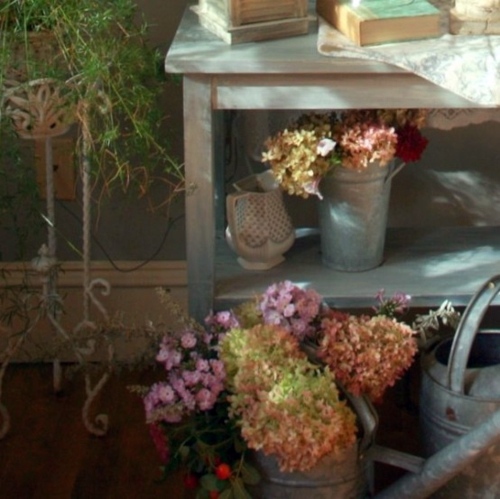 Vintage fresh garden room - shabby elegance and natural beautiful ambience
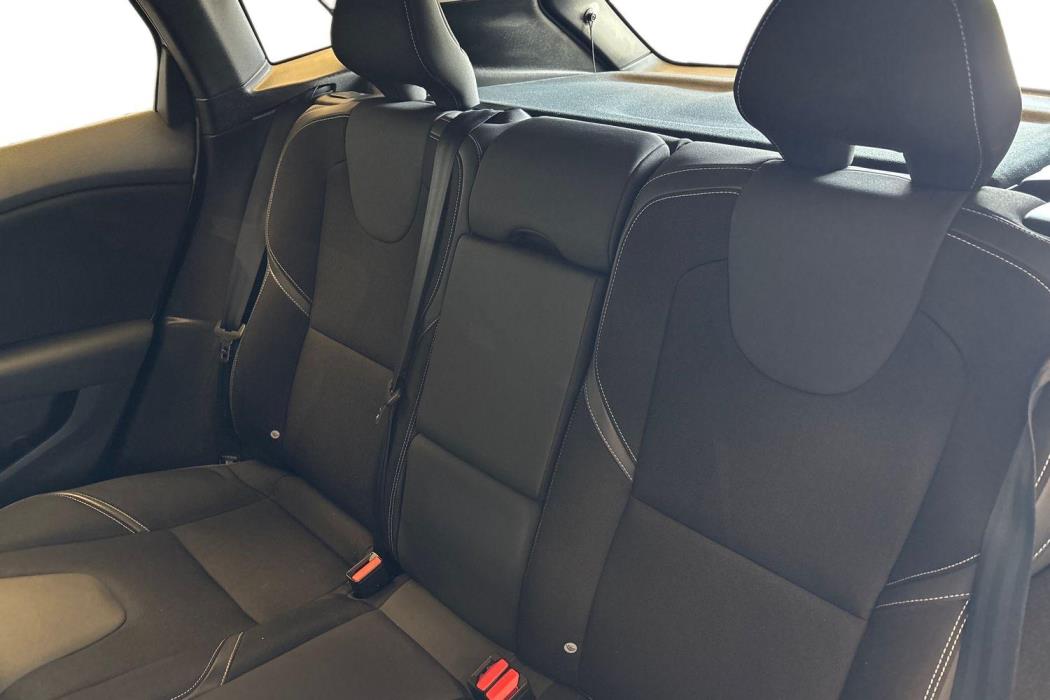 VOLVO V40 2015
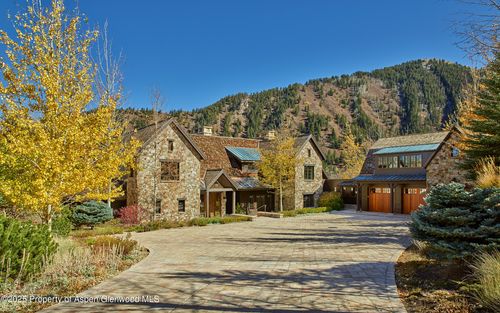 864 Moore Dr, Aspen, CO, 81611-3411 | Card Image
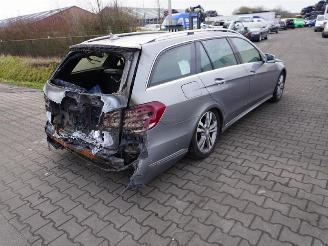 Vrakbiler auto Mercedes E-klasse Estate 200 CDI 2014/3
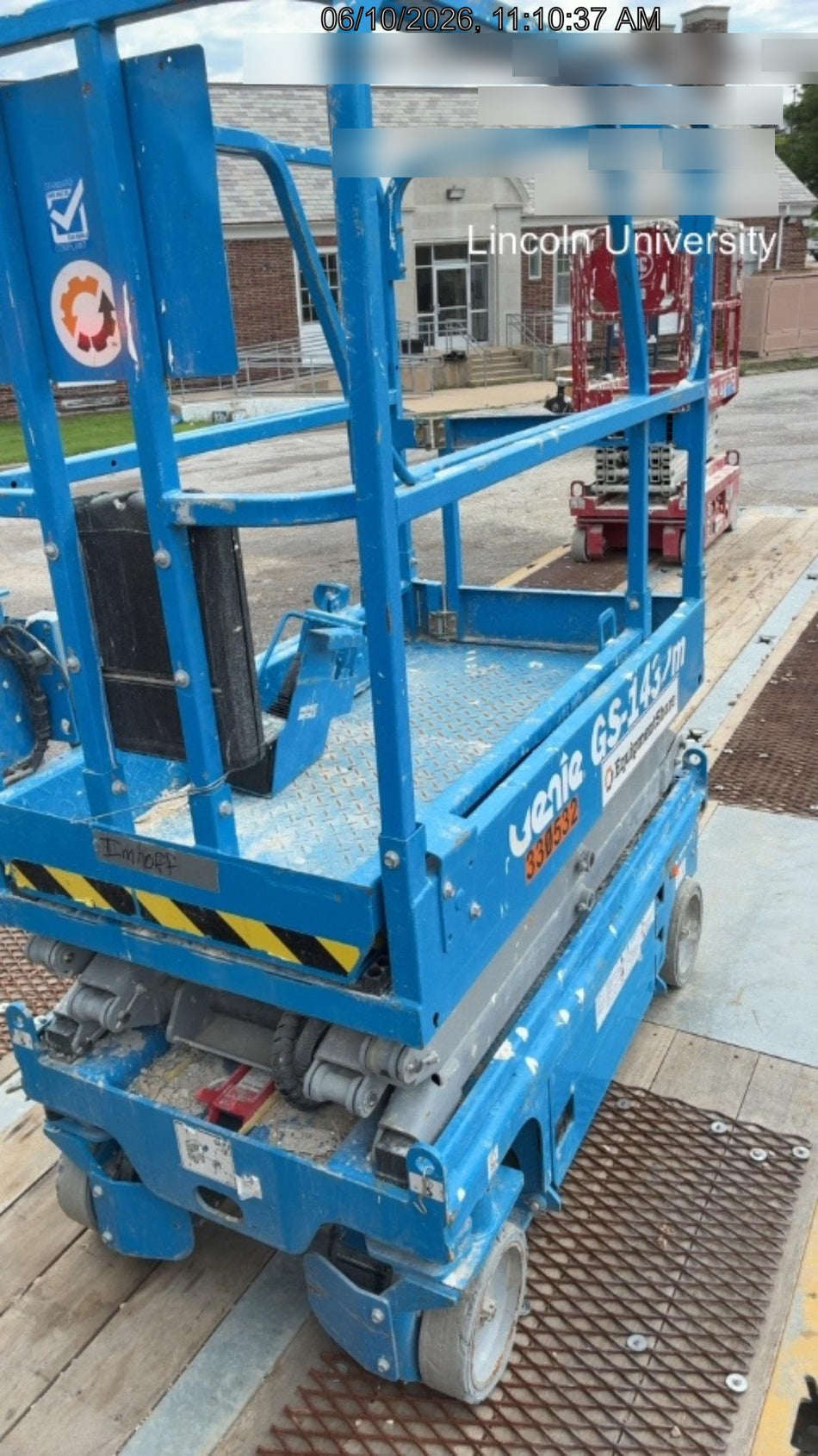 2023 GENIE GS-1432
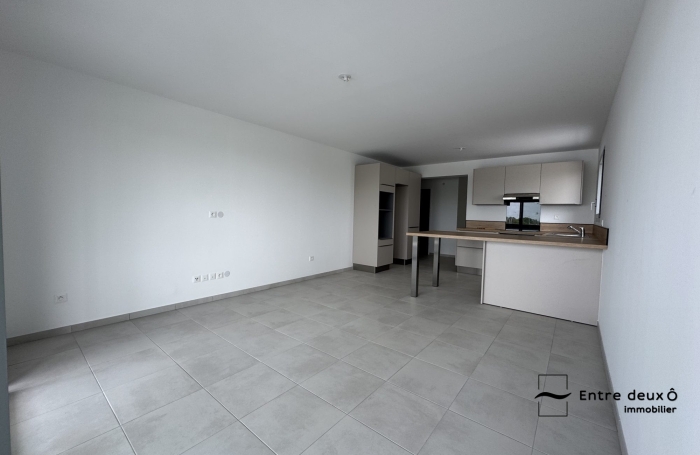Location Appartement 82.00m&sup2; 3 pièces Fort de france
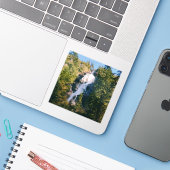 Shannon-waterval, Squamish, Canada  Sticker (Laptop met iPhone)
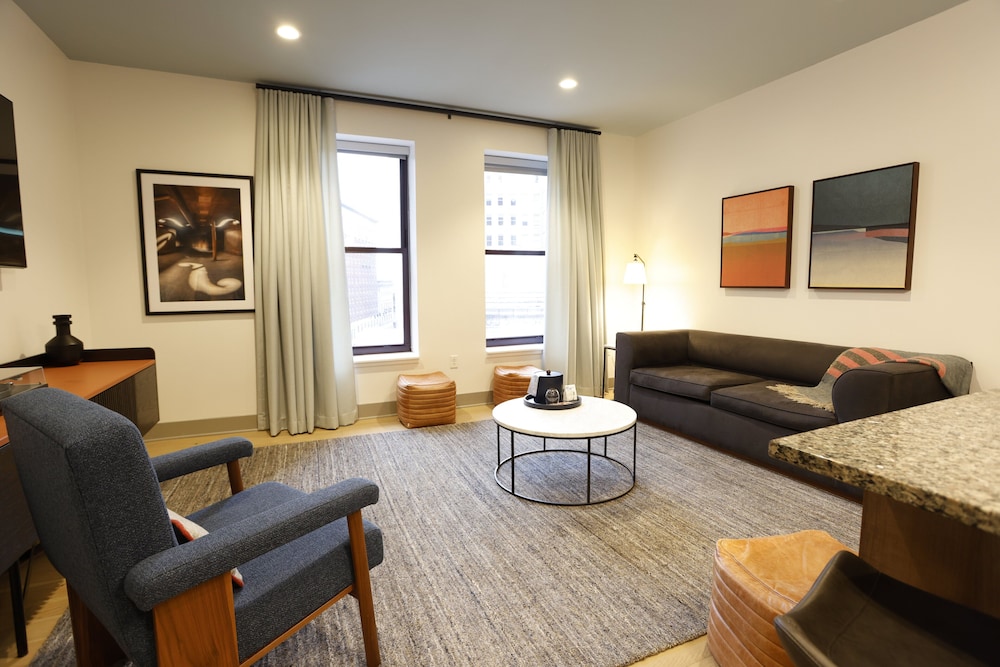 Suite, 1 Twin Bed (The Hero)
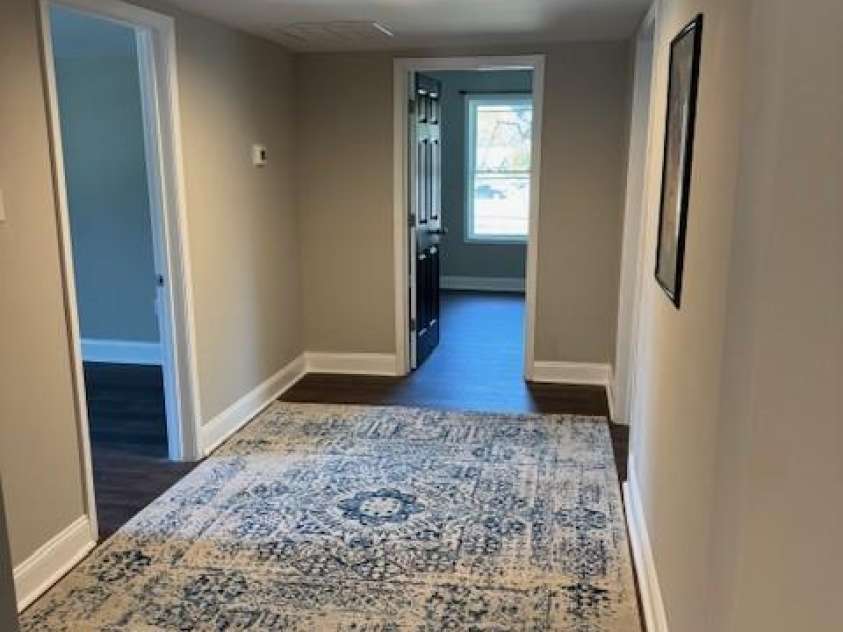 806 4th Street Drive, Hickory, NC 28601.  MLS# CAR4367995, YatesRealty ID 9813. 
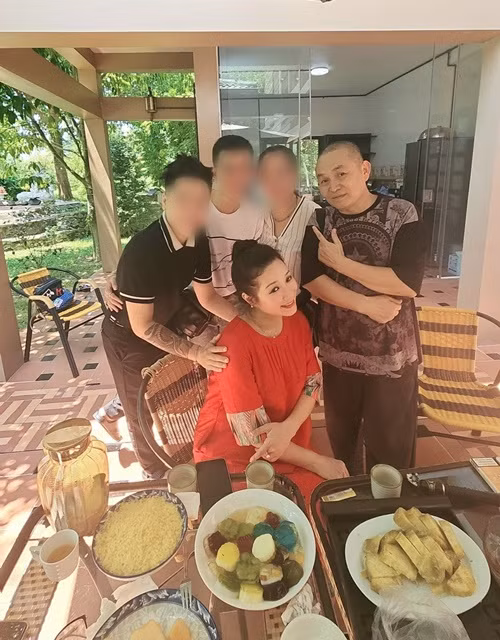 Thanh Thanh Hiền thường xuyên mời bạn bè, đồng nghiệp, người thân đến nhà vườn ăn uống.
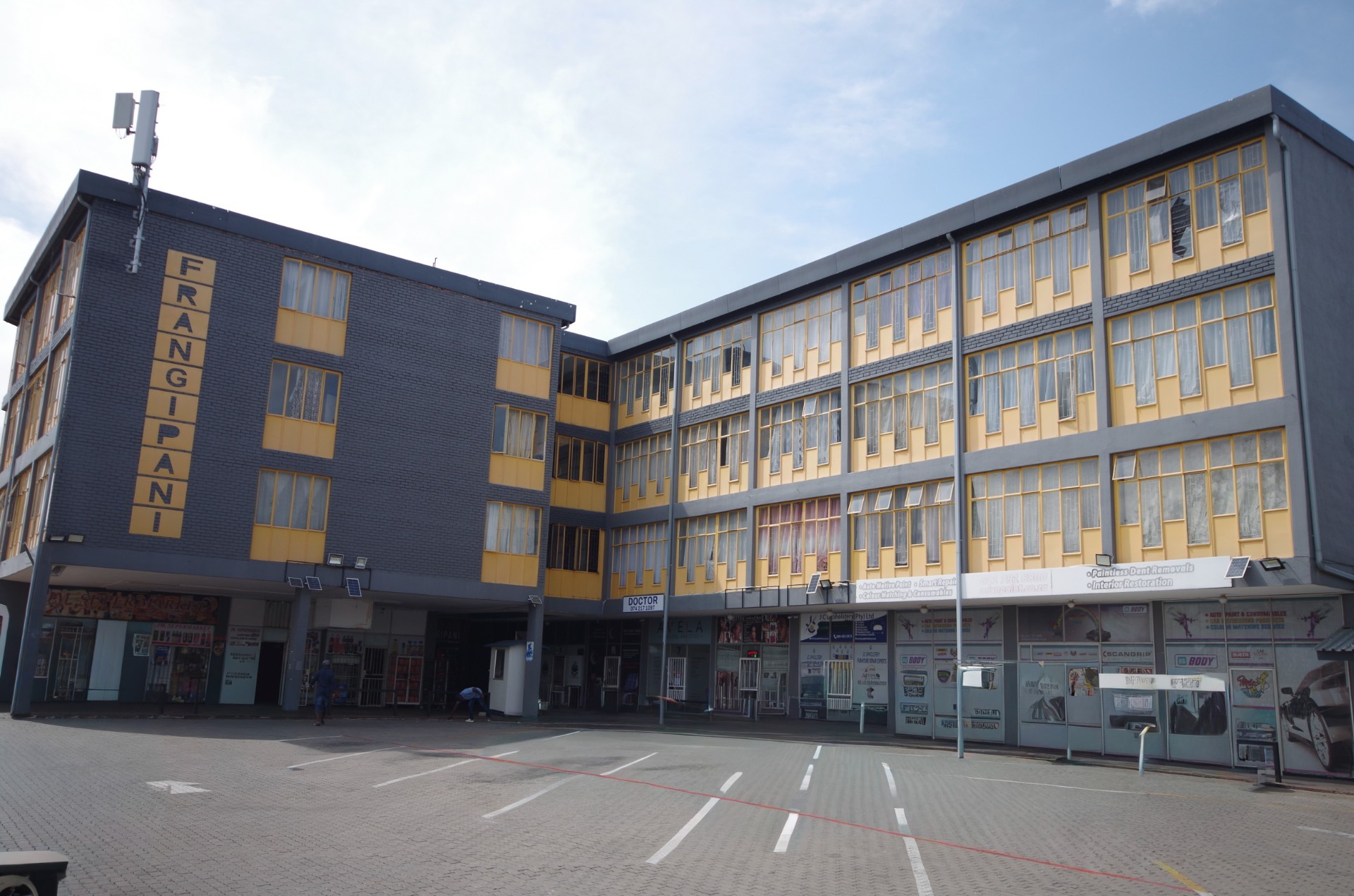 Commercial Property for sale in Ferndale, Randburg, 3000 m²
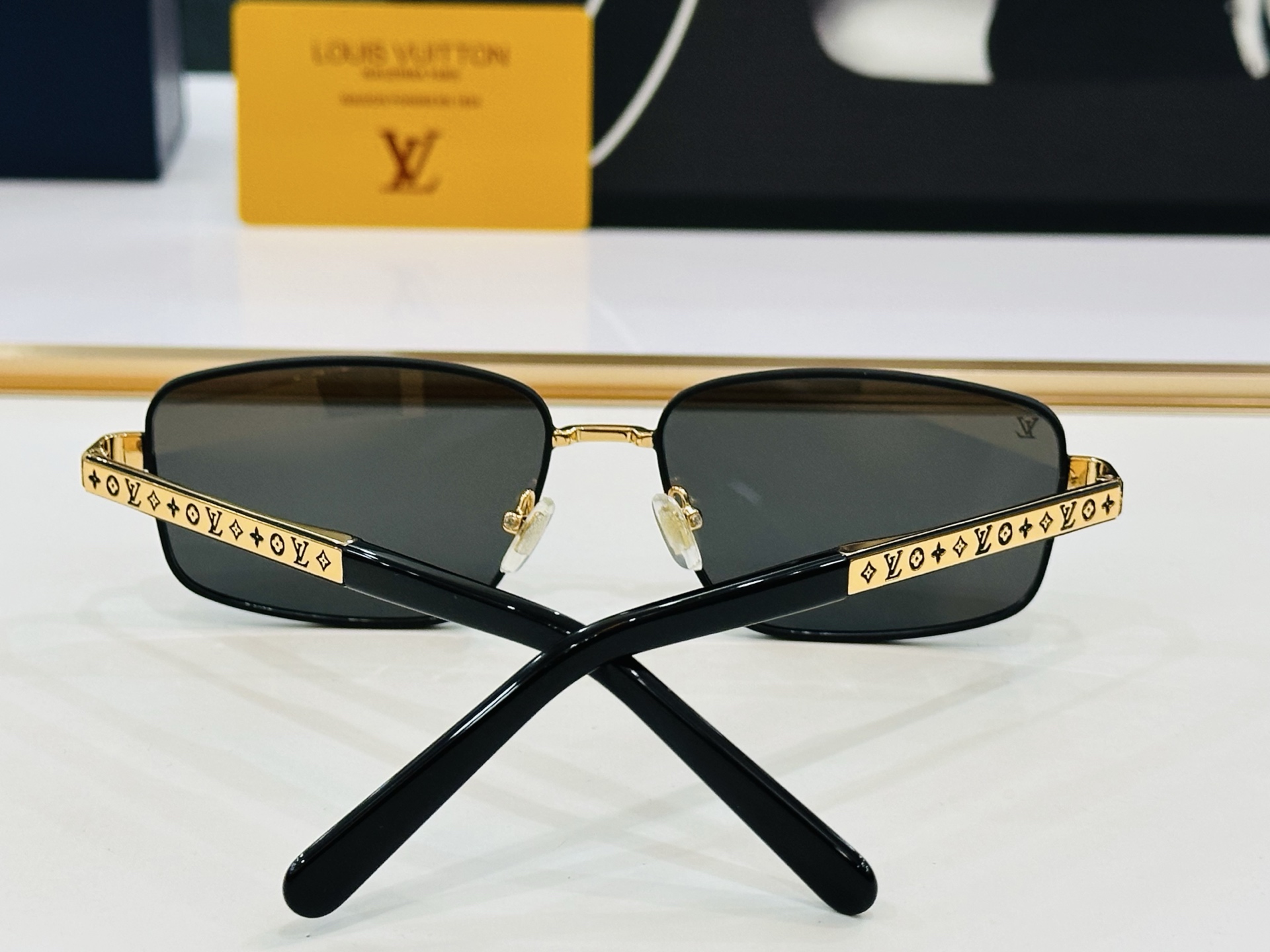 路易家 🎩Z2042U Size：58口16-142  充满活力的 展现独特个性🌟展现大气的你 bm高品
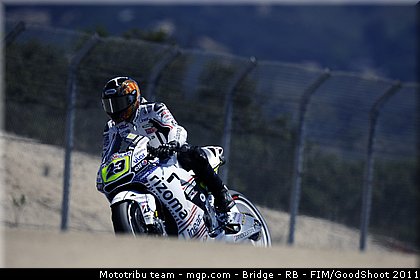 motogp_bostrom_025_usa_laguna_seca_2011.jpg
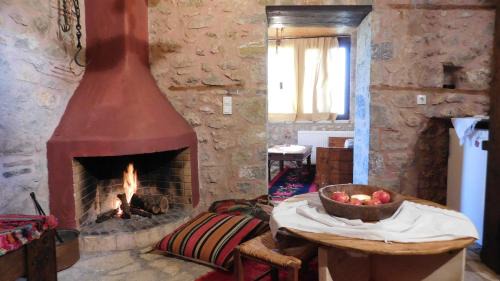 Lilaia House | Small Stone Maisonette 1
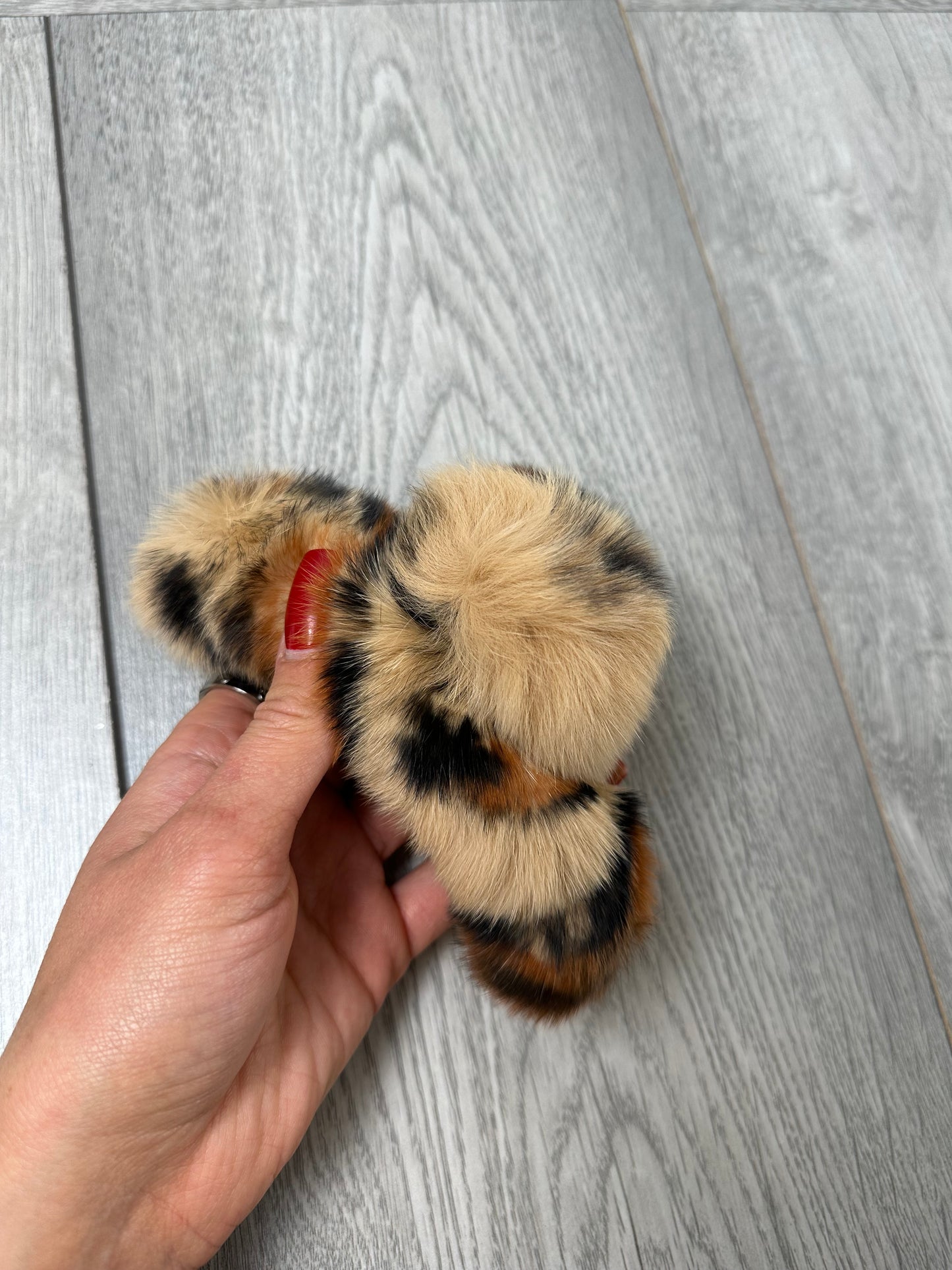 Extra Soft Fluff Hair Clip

———

### What to produce
What you set down should be exactly the lines from the line containing "Vrakbiler auto Mercedes" to the last line of the entries above, both included, with no pictures.

### Solution for this problem
 Vrakbiler auto Mercedes E-klasse Estate 200 CDI 2014/3
 2023 GENIE GS-1432
Location Appartement 82.00m&sup2; 3 pièces Fort de france
 Shannon-waterval, Squamish, Canada  Sticker (Laptop met iPhone)
 Suite, 1 Twin Bed (The Hero)
 806 4th Street Drive, Hickory, NC 28601.  MLS# CAR4367995, YatesRealty ID 9813. 
 Thanh Thanh Hiền thường xuyên mời bạn bè, đồng nghiệp, người thân đến nhà vườn ăn uống.
 Commercial Property for sale in Ferndale, Randburg, 3000 m²
 路易家 🎩Z2042U Size：58口16-142  充满活力的 展现独特个性🌟展现大气的你 bm高品
 motogp_bostrom_025_usa_laguna_seca_2011.jpg
 Lilaia House | Small Stone Maisonette 1
 Extra Soft Fluff Hair Clip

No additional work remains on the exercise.